The Trump task force's recommendations would undermine the agency's mission to bind the country together.

Brett Carlsen/Getty Images

On Tuesday, President Trump’s task force on the U.S. Postal Service’s troubled finances released its report on the future of the agency. The word “Amazon” appears nowhere in the body of the report, only in an appendix listing organizations that provided input. But virtually every article about the report led with the possibility that Amazon would have to pay more to use the USPS for package delivery.

“Postal report puts muscle behind Trump’s Amazon grudge,” Axios blared. “Postal Service Review Proposes Sweeping Changes Likely to Hit Amazon,” said The Wall Street Journal. “Postal service should be allowed to charge more for packages, review following Trump spat with Amazon finds,” CNBC reported.
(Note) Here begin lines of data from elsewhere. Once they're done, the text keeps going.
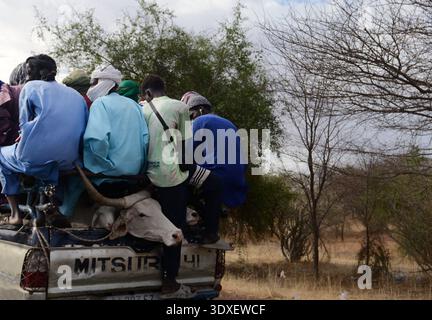 Hommes sénégalais sur une camionnette Mitsubishi dans le centre du Sénégal. Banque D'Images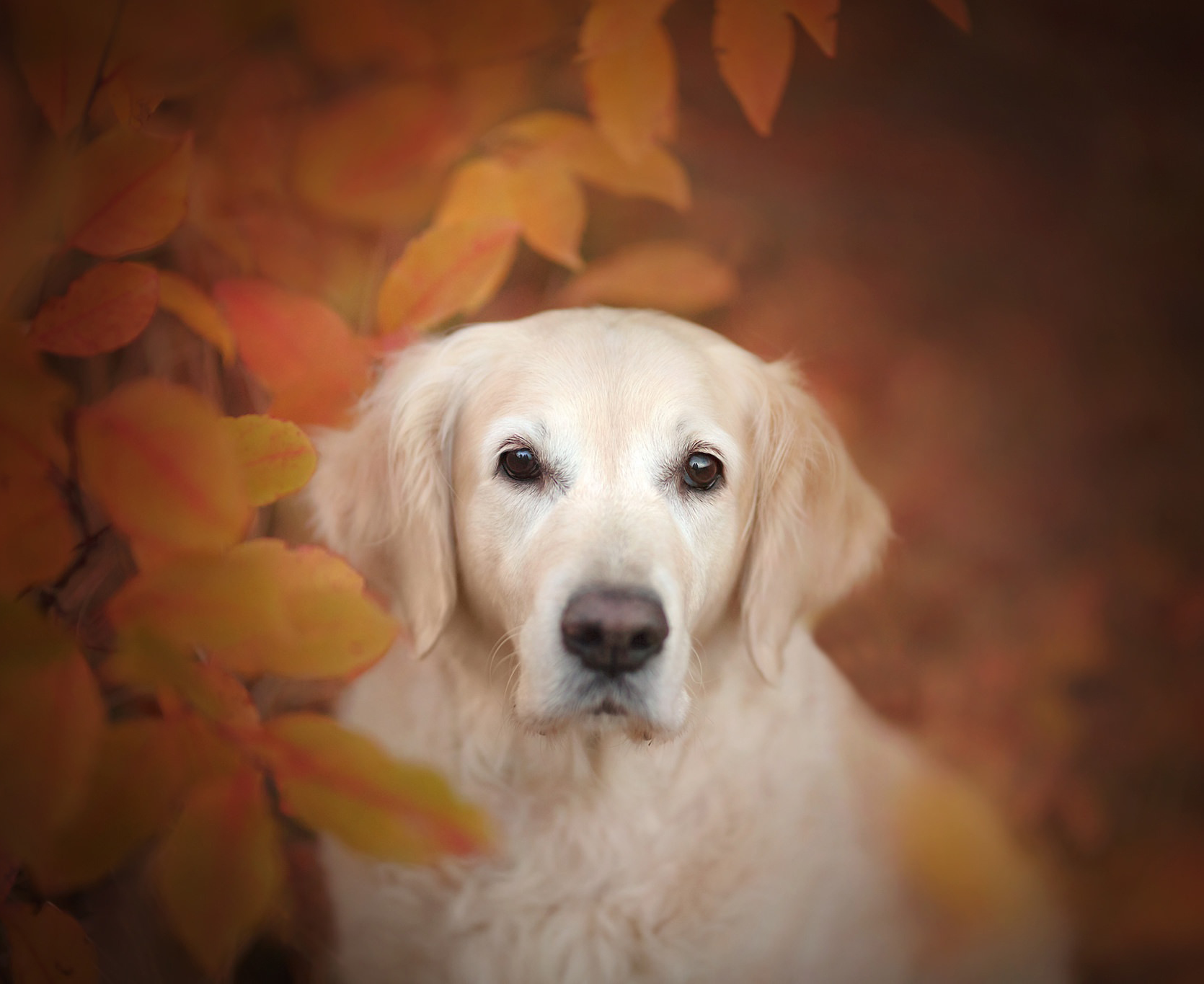 Golden Retriever Dog Resolution Wallpaper HD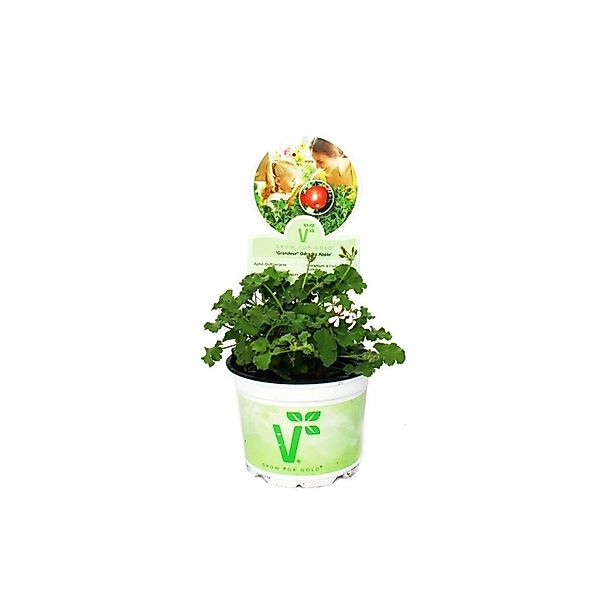 Exotenherz Duftgeranie Apfel Pelargonia Odorata Hybrid günstig online kaufen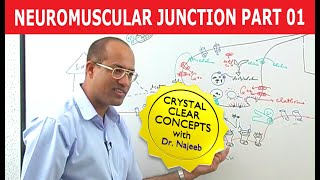 Neuromuscular Junction  Dr Najeeb  Part 12 [upl. by Ayian]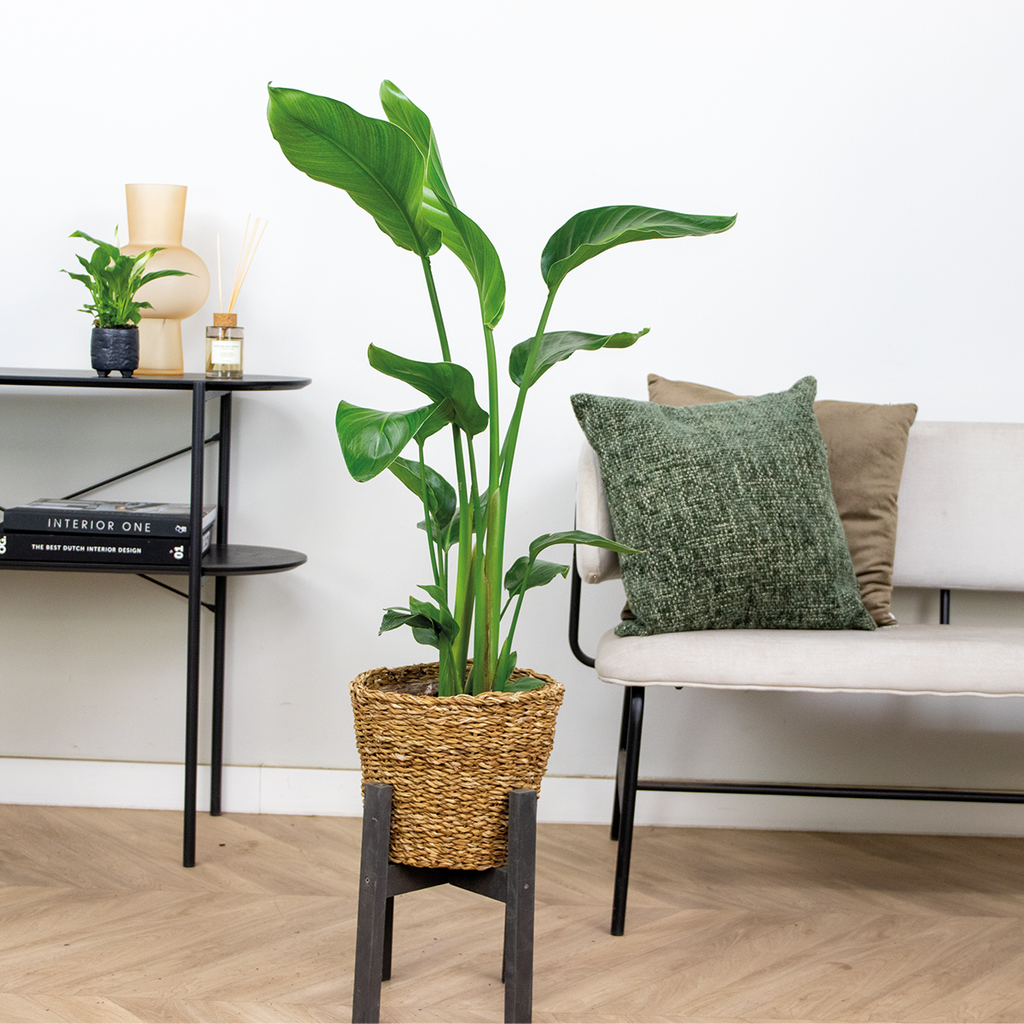 Strelitzia Nicolai – Plante D'Intérieur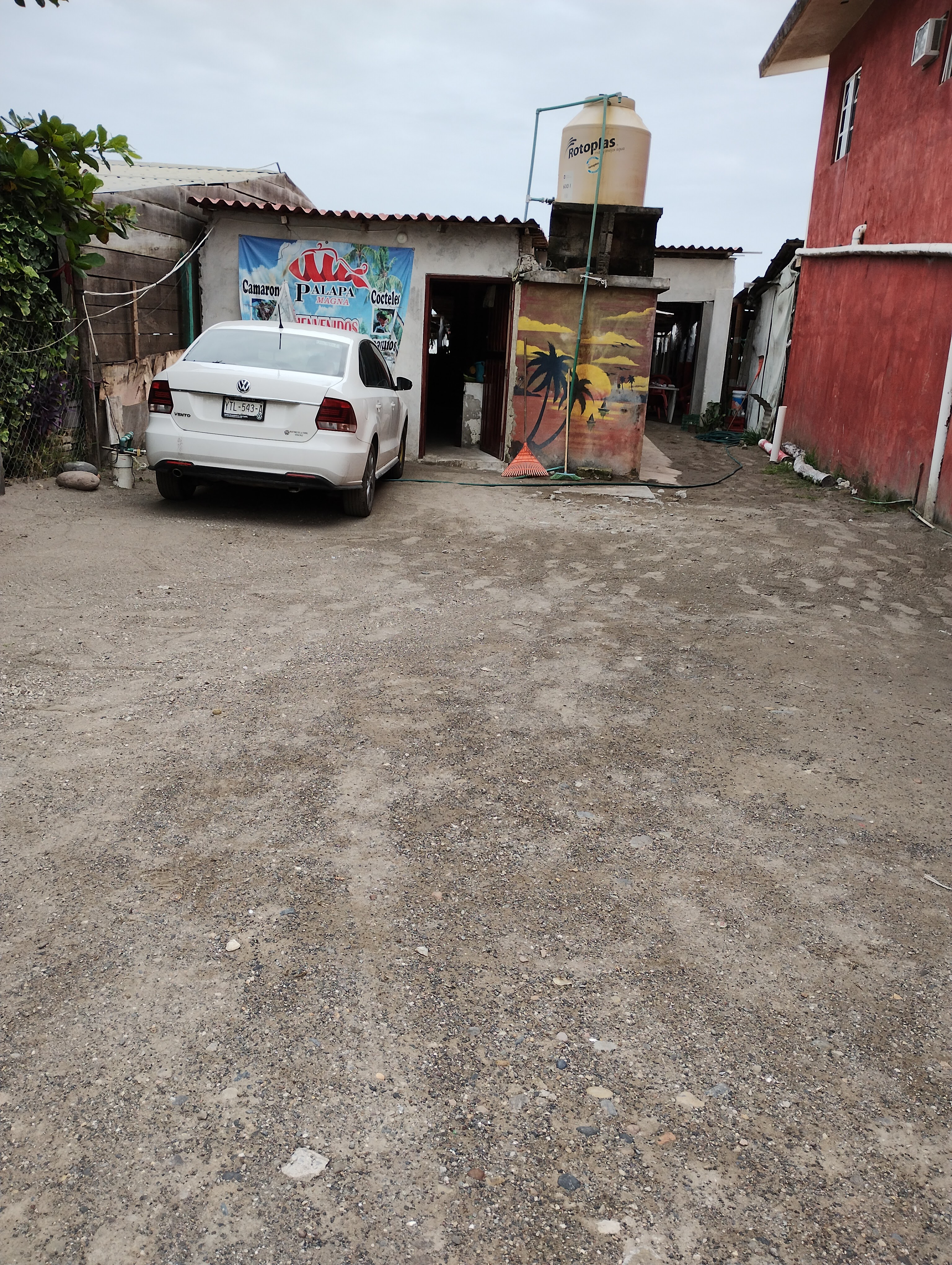 Palapa magna image 5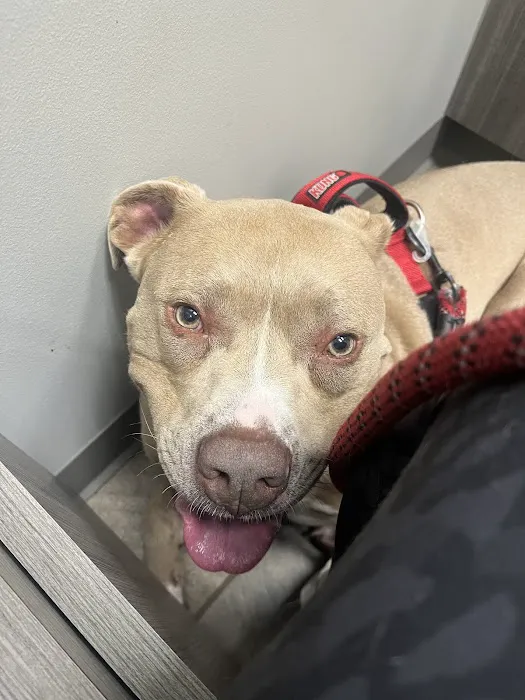 Crestwood Crossing Animal Hospital, LLC Picture 2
This response is understandable, given that Trump ordered the creation of the task force shortly after alleging that Amazon was taking advantage of the Postal Service. But the impact on Amazon is not the most important piece of this study. The task force did not recommend selling off the Postal Service, as some feared it would. But it did suggest a radical change that would separate the Postal Service from its core mission: to provide unfettered access to communication and commerce to all citizens, regardless of who they are or where they live. Such a change would be an attack on the individual freedom of all Americans, but especially those in poor, rural communities.

The USPS was established in the Second Continental Congress of 1775, before there was a United States. For nearly 250 years, its operations have been guided by the universal service obligation. This guarantees regular postal service to every American residence and business at a standard, affordable price. It includes six-day delivery and post offices within every zip code. No area of the country is discriminated against, no matter how costly or difficult to reach. The universal service obligation is funded by giving the USPS exclusive access to the mailbox and a monopoly on letter delivery.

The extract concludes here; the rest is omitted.